On 19/05/13 12:33 AM, Philip Jenkins wrote:
Thanks for the replies. I do have a Win 7-64 machine with 4GB RAM as my main PC; I've just never used the 32 bit version and wanted to see if I needed to avoid it.
I'd only use the 32 bit version on a machine with < 4GB RAM. The amount of RAM you have would normally be the main factor determining whether you use 32 or 64 bit. Less than about 3GB (exact value varies from system to system), and 32 bit may result in slightly less RAM usage. At worst, you're no worse off, and you do have compatibility with applications and hardware that uses only 32 bit driver (or other kernel mode) code.
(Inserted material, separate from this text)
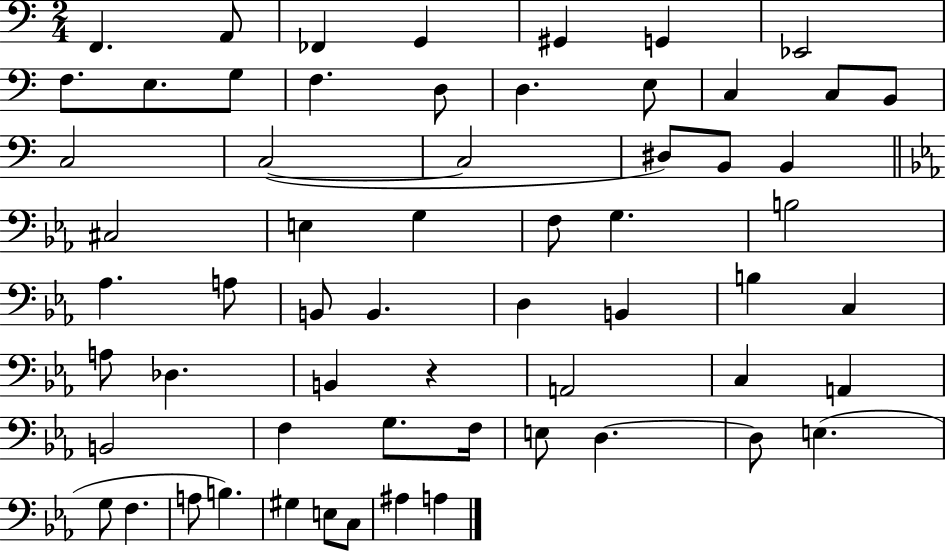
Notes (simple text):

F2/q. A2/e FES2/q G2/q G#2/q G2/q Eb2/h F3/e. E3/e. G3/e F3/q. D3/e D3/q. E3/e C3/q C3/e B2/e C3/h C3/h C3/h D#3/e B2/e B2/q C#3/h E3/q G3/q F3/e G3/q. B3/h Ab3/q. A3/e B2/e B2/q. D3/q B2/q B3/q C3/q A3/e Db3/q. B2/q R/q A2/h C3/q A2/q B2/h F3/q G3/e. F3/s E3/e D3/q. D3/e E3/q. G3/e F3/q. A3/e B3/q. G#3/q E3/e C3/e A#3/q A3/q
Once you start getting over that 3 GB RAM, then the extra addressing capability of the 64 bit OSs comes into play, and you need the 64 bit version to fully utilise your available RAM (there are exceptions, mainly 32 bit Windows Server and Linux PAE kernels, but for end user Windows versions, the previous applies).
I've run 64 bit Windows Vista and 7 with no issues, except the obvious ones, such as:
Software or hardware that only comes with 32 bit drivers (64 bit OS needs 64 bit drivers). Unsigned drivers - 64 bit Windows is normally anal retentive about driver signing, but there is a workaround. Old 16 bit software or installers - 16 bit software does not run under 64 bit Windows. Workaround here is to use a virtual machine - VMware, VirtualBox, etc.
Linux is definitely a viable alternative. A lot of ham software these days has Linux equivalents, packet is built right into the network stack, and a lot of Windows software will happily run under WINE/Crossover .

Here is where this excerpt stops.